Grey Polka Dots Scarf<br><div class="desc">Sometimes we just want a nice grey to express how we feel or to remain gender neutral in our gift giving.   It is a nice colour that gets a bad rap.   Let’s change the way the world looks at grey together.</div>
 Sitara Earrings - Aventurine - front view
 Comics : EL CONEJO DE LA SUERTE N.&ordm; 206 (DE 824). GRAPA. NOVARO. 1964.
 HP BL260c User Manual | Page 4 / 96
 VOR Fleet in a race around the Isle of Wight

= = =

Word for word, output all of the material.

Grey Polka Dots Scarf<br><div class="desc">Sometimes we just want a nice grey to express how we feel or to remain gender neutral in our gift giving.   It is a nice colour that gets a bad rap.   Let’s change the way the world looks at grey together.</div>
 Sitara Earrings - Aventurine - front view
 Comics : EL CONEJO DE LA SUERTE N.&ordm; 206 (DE 824). GRAPA. NOVARO. 1964.
 HP BL260c User Manual | Page 4 / 96
 VOR Fleet in a race around the Isle of Wight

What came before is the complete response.